Sodium is used in just about every meat product. It’s not only useful for adding flavor, but it has preservative benefits (why else do you think people have been making cured and salted meat for thousands of years?). If you look at any pork-based meat product—everything from bacon (NOOOO!) to ham to sausages to hot dogs—you’ll find that sodium content of these meat products is off the charts. A single serving of these meat products deliver way more sodium than you need. The more you eat, the more sodium you consume.
Sodium is responsible for storing water in your body. It works with potassium (the other electrolyte) to ensure you have enough liquid available for your various internal functions. But if you consume a lot more sodium than potassium, the balance of electrolytes gets thrown off. You end up storing water (water retention), which can make it harder for your heart to pump blood. This can lead to high blood pressure and hypertension, which are two of the primary risk factors behind more serious cardiovascular diseases.
A regular cut of pork (loin, shoulder, flank, chop) contains a lot of saturated fat, but that fat won’t do anything to increase your risk of heart problems (unless you eat many pounds of it every day).

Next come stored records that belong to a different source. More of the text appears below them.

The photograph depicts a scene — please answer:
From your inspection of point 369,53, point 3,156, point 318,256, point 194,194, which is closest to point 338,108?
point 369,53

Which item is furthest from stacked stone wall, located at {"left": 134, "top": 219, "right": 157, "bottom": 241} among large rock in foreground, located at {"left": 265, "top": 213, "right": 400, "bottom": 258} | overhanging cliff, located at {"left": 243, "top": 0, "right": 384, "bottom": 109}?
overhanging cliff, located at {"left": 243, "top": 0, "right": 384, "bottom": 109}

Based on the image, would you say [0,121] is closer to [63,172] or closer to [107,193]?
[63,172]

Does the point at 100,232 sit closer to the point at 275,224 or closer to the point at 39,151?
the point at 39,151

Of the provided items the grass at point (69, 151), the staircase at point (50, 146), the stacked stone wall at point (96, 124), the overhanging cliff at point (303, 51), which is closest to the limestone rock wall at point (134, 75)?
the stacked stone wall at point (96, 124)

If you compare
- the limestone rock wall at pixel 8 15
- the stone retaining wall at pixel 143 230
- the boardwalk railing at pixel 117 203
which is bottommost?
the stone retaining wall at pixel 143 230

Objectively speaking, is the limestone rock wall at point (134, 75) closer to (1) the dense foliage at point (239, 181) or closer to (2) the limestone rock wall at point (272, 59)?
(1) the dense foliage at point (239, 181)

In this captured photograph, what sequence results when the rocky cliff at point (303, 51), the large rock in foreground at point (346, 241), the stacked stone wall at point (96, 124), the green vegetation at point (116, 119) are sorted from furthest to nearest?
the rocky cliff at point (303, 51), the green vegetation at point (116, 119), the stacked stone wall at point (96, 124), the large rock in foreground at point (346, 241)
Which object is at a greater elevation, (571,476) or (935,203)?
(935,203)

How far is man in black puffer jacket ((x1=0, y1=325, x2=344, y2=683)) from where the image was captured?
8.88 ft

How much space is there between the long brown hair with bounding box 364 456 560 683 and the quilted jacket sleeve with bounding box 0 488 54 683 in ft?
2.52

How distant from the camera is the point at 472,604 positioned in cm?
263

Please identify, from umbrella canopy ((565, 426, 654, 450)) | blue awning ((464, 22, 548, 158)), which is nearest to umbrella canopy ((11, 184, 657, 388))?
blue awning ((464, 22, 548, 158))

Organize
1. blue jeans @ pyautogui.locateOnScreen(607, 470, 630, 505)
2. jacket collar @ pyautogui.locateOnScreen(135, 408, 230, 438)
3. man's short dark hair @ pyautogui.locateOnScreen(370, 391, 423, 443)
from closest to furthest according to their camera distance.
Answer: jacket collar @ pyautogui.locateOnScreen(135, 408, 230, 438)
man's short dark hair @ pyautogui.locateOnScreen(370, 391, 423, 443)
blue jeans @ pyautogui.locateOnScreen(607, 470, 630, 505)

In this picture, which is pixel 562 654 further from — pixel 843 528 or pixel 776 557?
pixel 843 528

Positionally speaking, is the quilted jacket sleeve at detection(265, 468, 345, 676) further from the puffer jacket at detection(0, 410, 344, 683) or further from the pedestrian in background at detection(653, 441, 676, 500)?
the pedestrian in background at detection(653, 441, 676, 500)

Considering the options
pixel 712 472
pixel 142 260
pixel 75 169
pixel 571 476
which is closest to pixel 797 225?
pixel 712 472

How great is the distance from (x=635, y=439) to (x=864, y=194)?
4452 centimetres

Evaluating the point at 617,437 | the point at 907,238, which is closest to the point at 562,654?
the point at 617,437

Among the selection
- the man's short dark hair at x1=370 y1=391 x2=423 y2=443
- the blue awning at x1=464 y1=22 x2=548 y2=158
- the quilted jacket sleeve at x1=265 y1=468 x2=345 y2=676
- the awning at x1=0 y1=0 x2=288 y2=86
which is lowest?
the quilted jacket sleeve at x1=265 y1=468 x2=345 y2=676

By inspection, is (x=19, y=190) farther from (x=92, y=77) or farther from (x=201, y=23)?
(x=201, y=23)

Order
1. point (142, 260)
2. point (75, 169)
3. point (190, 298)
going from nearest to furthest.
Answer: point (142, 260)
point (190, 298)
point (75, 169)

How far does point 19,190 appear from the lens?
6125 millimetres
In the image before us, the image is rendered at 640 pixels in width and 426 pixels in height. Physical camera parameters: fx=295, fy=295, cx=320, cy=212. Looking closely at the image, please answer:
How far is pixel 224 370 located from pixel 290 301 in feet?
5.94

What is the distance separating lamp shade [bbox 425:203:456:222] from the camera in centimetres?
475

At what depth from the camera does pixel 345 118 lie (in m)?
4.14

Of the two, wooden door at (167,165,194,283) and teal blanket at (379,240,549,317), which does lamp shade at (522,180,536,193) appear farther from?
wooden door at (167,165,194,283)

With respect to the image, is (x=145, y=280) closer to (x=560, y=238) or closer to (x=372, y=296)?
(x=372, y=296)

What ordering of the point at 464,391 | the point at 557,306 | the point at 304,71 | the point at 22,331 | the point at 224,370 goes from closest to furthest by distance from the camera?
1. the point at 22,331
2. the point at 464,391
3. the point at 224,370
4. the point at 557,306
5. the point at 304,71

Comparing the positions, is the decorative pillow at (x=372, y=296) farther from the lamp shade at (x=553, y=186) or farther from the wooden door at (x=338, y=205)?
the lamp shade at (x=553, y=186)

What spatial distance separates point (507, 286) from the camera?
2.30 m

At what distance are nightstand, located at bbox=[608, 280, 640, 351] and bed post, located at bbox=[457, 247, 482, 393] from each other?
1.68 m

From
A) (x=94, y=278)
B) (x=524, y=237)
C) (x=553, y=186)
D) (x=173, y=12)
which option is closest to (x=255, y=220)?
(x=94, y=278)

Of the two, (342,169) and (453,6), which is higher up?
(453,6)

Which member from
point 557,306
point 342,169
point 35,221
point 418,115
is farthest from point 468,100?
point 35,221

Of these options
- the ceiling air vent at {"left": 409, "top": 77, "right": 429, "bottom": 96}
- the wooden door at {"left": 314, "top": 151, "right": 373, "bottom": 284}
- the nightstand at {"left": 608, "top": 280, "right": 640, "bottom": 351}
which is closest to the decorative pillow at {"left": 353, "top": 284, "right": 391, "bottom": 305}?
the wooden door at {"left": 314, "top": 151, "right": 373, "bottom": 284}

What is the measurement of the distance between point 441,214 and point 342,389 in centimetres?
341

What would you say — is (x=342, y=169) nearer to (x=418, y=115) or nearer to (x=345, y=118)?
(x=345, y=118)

Fresh meat is actually good for your heart health, as it provides certain minerals and B vitamins that are hard to get from non-meat sources. Both beef and pork can be good for your heart if prepared properly and consumed in moderation (2-4 servings per week should do the trick).

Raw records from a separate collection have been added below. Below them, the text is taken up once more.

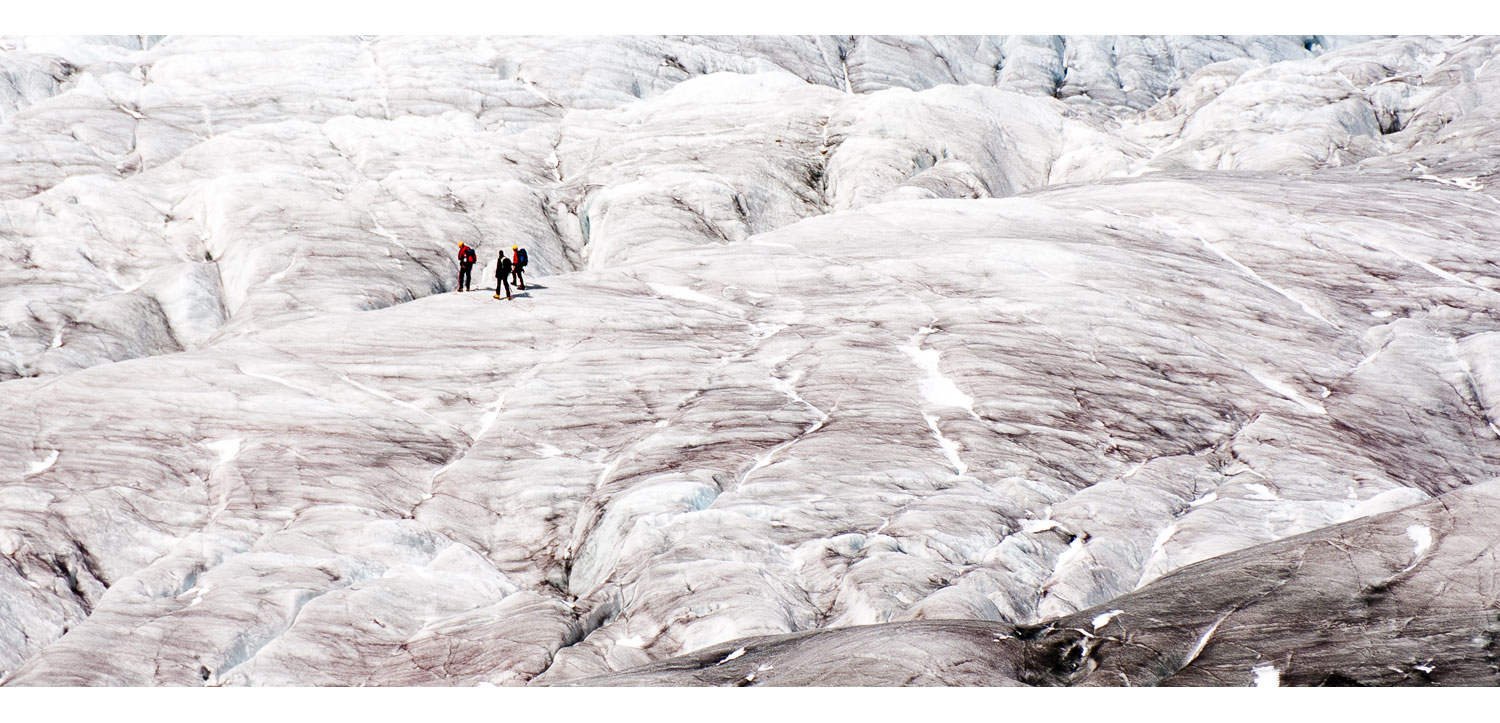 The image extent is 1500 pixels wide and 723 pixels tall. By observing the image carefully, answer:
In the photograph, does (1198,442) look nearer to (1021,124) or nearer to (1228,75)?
(1021,124)

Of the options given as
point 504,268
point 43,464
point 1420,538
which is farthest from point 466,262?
point 1420,538

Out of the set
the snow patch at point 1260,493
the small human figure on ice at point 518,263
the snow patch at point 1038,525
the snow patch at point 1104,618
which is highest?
the small human figure on ice at point 518,263

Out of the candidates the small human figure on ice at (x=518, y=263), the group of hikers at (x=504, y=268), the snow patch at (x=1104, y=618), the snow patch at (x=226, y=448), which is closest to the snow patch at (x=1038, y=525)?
the snow patch at (x=1104, y=618)

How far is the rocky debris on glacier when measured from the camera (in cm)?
2316

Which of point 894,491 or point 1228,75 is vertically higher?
point 1228,75

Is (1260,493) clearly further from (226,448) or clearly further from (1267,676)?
(226,448)

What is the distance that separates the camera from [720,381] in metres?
33.7

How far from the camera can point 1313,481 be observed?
29609mm

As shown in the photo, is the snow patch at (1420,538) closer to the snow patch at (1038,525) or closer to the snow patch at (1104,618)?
the snow patch at (1104,618)

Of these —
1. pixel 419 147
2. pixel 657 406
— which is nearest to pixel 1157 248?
pixel 657 406

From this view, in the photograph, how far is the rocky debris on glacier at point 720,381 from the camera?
23.2 meters

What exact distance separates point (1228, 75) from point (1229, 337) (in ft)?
127

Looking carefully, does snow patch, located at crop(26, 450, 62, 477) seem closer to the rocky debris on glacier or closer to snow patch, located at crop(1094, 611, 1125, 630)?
the rocky debris on glacier

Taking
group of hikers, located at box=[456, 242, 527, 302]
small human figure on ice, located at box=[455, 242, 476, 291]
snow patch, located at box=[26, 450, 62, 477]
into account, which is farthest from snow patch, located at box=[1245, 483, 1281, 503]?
snow patch, located at box=[26, 450, 62, 477] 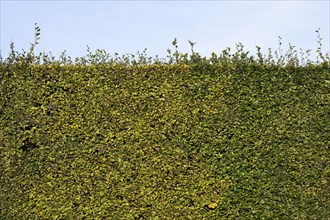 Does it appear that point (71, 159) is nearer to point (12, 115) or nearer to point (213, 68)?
point (12, 115)

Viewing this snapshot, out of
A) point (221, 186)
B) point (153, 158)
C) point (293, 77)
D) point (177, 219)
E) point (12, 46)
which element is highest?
point (12, 46)

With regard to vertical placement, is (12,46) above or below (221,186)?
above

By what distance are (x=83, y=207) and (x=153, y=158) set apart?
1.27m

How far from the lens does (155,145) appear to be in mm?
6508

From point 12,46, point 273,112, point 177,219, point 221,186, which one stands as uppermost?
point 12,46

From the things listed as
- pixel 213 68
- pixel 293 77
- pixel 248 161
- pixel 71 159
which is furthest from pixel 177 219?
pixel 293 77

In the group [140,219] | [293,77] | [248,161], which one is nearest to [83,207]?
[140,219]

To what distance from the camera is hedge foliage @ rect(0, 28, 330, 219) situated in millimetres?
6477

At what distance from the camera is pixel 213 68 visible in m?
6.78

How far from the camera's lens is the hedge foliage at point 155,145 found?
21.2 feet

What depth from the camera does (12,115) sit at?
21.3 feet

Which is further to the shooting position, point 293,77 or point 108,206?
point 293,77

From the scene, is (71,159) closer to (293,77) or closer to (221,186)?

But with pork (and beef) meat-based products, you’re getting way more sodium than is good for you. Every bite of bacon, beef jerky, sausage links, or processed ham delivers a pretty hefty dose of sodium into your body, which throws off the sodium-potassium balance. The result is water retention, which in turn can lead to high blood pressure (your heart having to work harder to pump blood).
Understanding this link between pork and heart disease leads to one simple conclusion: if you’re going to eat pork, make it fresh.
Fresh cuts of pork are more than just delicious—they’re a great source of amino acids, iron, Vitamin B12, and the list goes on. Some cuts contain more fat than others, but the saturated fat isn’t really an enemy to your heart (though it will affect your waistline).
Sadly, you will have to cut the other processed and cured meats from your diet. That means no more bacon or breakfast sausage in the morning, and definitely no trips to the hot dog cart at your local ballgame or convention. Processed meats contain a lot of harmful chemicals along with the sodium, which can cause damage to your cardiovascular system, digestive system, liver, and other internal organs. You’re much better off cutting them from your diet!